First, I have a set of functions,
$$\left\{ f(x,y_1), f(x,y_2),\dots, f(x,y_n) \right\}$$
where each $y_1, y_2, \dots, y_n$ is a single value in a predefined range of $y$. These functions have a domain (in $x$) of (0,$\infty$), and codomain of [0,$\infty$), although in practice the range is typically scaled to lie in [0,1]. In general, $f(x,y)$ is not linear in $y$; however, $f$ is also in practice a "black box" function with no (accessible) analytical representation. By extension, we do not have the ability to (readily) compute $f(x,y)$ for any $y$ not in the set $\{y_1,y_2,...,y_n\}$ - but these solutions do exist. This distinction is important. (A side note: This is of course a simplification. In practice, $f$ is highly multidimensional. The reason we must treat $f$ as a "black box" is due to it's complexity - computing a single curve $f(x,y)$ requires ~7 minutes of computation to simulate a physical observation.)
Second: We may make approximations between two curves $f(x,y_i)$ and $f(x,y_{i+1})$ by means of a weighted, linear interpolation. Given some $y_{i+\lambda}, 0 < \lambda < 1$, we note that
$$F(x,y_{i+\lambda}) = (1-\lambda)f(x,y_i) + \lambda f(x,y_{i+1}) \approx f(x,y_{i+\lambda})$$
Note that this approximation approaches equality in the case that $\Delta y = | y_i - y_{i+1} |$ approaches 0, or as $\lambda$ approaches 0 or 1. The nonlinearity of $f$ also indicates that as $\Delta y$ is large, the approximation becomes poorer. Let us define some measure of the degree of accuracy of this approximation as
$$\Delta f(x,y_{i+\lambda}) = |f(x,y_{i+\lambda}) -F(x,y_{i+\lambda})| = |f(x,y_{i+\lambda}) - [ (1-\lambda)f(x,y_i) + \lambda f(x,y_{i+1})]|$$
Which brings me to the application, and my question. I am able to define the spacing $\Delta y$, and further, it may be a function of $y$ - that is, the spacing does not need to be the same at all values of $y$. I wish to define this spacing in a way that minimizes both $n$ (the number of values $y_i$ computed) and $\Delta f$. (In application, I am computing a grid of model data sets. I want to minimize the number of models computed while still allowing reasonably accurate approximations as described above.) How can I do this efficiently?

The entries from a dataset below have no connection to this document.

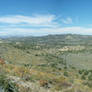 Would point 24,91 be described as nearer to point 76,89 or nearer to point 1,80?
point 1,80

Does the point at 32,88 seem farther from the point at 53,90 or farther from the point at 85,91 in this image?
the point at 85,91


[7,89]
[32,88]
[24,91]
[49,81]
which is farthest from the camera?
[49,81]

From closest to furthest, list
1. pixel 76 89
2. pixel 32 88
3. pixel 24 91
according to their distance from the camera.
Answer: pixel 24 91 → pixel 32 88 → pixel 76 89

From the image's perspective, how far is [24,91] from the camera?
7.54 meters

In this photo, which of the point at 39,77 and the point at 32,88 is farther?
the point at 39,77

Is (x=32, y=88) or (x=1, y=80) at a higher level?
(x=1, y=80)

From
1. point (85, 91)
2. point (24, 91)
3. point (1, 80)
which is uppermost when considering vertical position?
point (1, 80)

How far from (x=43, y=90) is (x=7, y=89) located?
84.0 inches

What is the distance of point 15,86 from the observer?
7.60m

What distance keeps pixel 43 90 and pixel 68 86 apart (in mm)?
1802

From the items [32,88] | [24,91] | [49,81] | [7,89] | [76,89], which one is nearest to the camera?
[7,89]

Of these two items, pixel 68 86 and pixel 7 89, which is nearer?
pixel 7 89

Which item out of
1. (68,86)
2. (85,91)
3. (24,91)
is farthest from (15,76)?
(85,91)

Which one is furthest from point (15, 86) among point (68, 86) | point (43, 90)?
point (68, 86) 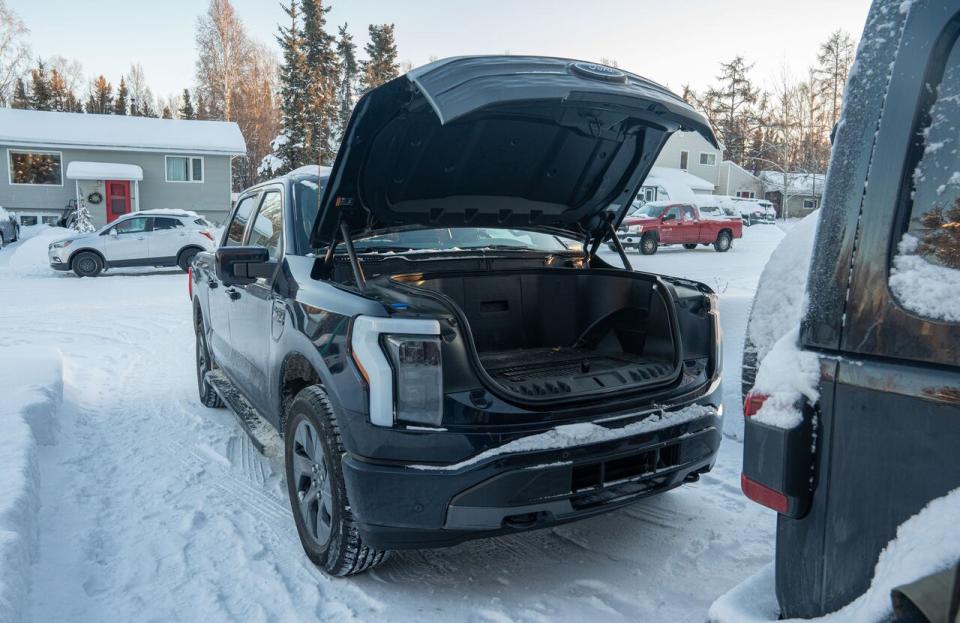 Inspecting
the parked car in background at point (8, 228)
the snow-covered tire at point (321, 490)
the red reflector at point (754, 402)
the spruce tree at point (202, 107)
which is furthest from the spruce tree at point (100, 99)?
the red reflector at point (754, 402)

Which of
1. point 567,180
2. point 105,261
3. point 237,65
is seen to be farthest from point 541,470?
point 237,65

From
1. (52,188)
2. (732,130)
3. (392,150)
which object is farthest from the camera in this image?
(732,130)

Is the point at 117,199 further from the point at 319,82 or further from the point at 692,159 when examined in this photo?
the point at 692,159

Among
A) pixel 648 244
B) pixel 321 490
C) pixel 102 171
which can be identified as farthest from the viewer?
pixel 102 171

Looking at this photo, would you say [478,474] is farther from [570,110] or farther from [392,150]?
[570,110]

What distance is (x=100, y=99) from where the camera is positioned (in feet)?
234

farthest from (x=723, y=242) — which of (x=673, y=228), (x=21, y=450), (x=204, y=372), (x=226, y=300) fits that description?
(x=21, y=450)

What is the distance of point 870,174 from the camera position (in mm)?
1520

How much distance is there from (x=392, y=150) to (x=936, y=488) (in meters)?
2.66

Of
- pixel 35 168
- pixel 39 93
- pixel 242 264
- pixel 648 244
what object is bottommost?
pixel 242 264

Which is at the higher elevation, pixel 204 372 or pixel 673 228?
pixel 673 228

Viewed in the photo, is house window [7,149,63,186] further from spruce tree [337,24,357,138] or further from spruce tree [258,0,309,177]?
spruce tree [337,24,357,138]

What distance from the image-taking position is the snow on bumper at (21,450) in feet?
9.35

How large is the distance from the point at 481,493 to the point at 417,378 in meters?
0.50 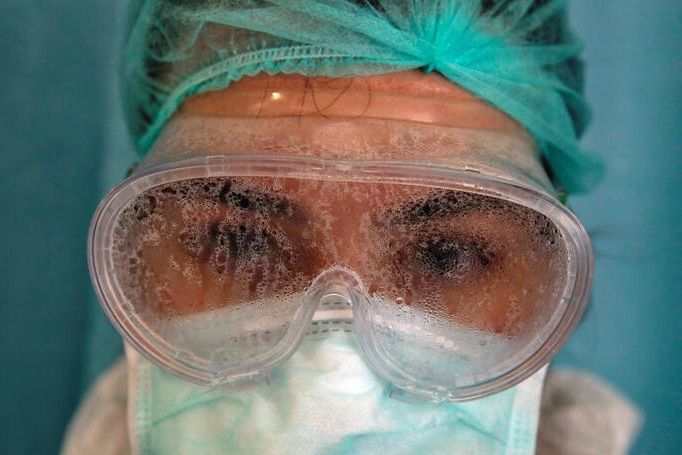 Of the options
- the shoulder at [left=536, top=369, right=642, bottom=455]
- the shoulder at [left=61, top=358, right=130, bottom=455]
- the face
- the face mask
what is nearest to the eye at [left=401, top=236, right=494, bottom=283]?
the face

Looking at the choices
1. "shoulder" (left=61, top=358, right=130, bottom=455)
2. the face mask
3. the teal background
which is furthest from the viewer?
the teal background

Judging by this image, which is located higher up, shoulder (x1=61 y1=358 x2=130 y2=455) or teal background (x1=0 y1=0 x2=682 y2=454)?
teal background (x1=0 y1=0 x2=682 y2=454)

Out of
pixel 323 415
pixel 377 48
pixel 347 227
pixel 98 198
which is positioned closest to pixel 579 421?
pixel 323 415

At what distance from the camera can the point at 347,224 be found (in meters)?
0.70

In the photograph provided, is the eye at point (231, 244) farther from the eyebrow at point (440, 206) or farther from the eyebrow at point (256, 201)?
the eyebrow at point (440, 206)

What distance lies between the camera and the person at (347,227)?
683 mm

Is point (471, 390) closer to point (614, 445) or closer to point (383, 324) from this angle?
point (383, 324)

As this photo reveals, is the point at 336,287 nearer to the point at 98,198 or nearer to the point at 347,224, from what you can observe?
the point at 347,224

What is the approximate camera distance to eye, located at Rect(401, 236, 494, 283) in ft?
2.34

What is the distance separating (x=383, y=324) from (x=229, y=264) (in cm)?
19

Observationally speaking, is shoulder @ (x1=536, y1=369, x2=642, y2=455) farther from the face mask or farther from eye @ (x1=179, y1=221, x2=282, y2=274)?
eye @ (x1=179, y1=221, x2=282, y2=274)

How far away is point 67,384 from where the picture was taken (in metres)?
1.28

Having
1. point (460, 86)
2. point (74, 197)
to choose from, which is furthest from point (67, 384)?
point (460, 86)

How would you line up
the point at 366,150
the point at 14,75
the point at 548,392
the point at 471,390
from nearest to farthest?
the point at 366,150 < the point at 471,390 < the point at 548,392 < the point at 14,75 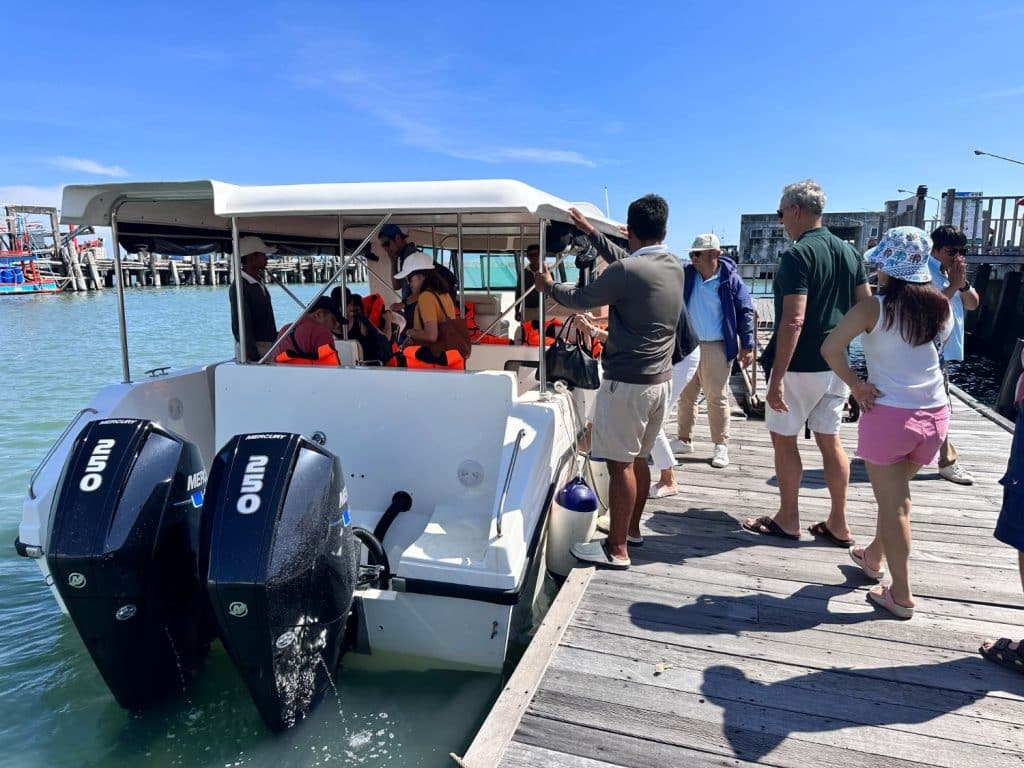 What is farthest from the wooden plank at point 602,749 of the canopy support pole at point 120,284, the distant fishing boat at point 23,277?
the distant fishing boat at point 23,277

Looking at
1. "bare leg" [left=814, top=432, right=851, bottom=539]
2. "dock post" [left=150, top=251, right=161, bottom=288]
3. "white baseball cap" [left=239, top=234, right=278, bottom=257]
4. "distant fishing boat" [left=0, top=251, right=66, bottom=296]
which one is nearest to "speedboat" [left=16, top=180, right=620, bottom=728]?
"white baseball cap" [left=239, top=234, right=278, bottom=257]

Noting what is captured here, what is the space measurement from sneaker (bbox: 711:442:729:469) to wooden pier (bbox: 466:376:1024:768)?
1211mm

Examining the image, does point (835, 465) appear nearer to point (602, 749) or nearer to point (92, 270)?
point (602, 749)

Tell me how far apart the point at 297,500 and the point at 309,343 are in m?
1.77

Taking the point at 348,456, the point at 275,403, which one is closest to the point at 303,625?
the point at 348,456

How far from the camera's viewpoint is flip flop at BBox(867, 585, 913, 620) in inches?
119

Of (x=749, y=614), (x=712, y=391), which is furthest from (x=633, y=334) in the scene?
(x=712, y=391)

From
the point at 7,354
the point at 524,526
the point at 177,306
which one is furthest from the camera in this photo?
the point at 177,306

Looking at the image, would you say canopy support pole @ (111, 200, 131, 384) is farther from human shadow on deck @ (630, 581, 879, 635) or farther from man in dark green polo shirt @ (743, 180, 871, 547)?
man in dark green polo shirt @ (743, 180, 871, 547)

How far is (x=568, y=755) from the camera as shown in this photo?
2.31 metres

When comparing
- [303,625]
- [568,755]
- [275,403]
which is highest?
[275,403]

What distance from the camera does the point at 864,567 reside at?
3.36 meters

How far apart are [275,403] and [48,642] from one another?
2188 millimetres

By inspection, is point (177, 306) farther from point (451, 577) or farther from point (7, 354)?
point (451, 577)
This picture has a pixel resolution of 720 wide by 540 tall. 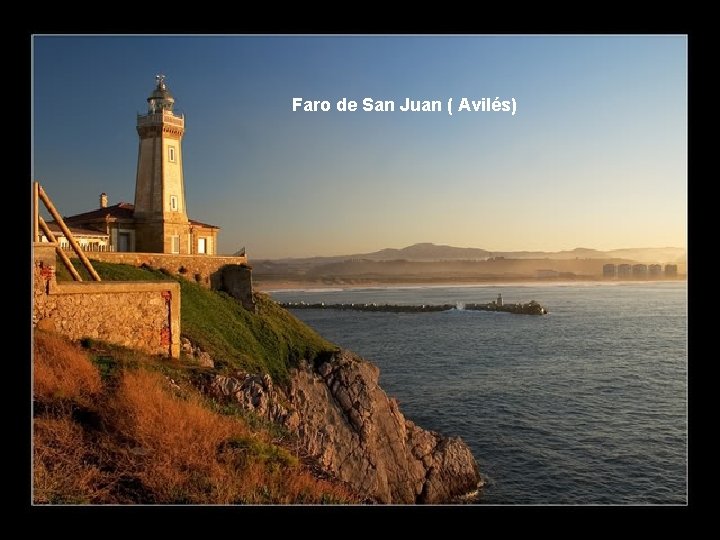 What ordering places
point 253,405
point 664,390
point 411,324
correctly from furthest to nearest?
1. point 411,324
2. point 664,390
3. point 253,405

My first thought to solve this problem, was to sample the relevant domain in an arbitrary way, then find some way to compute the distance between the curves in order to refine my spacing. To this end I have looked at metrics such as Hausdorff and Fréchet distances, which I found to be useful in broad senses but lacking in the necessary subtlety. I am struggling with the concepts behind Dynamic Time Warping, although it seems as if it might be useful, as well as the version presented in this paper, which I also barely understood. (I am more physicist than mathematician.)
Are there any other metrics which might capture the information I'm looking for? Or some other method that will suit my purposes? I would also appreciate directions towards a more lay-friendly discussion of DTW.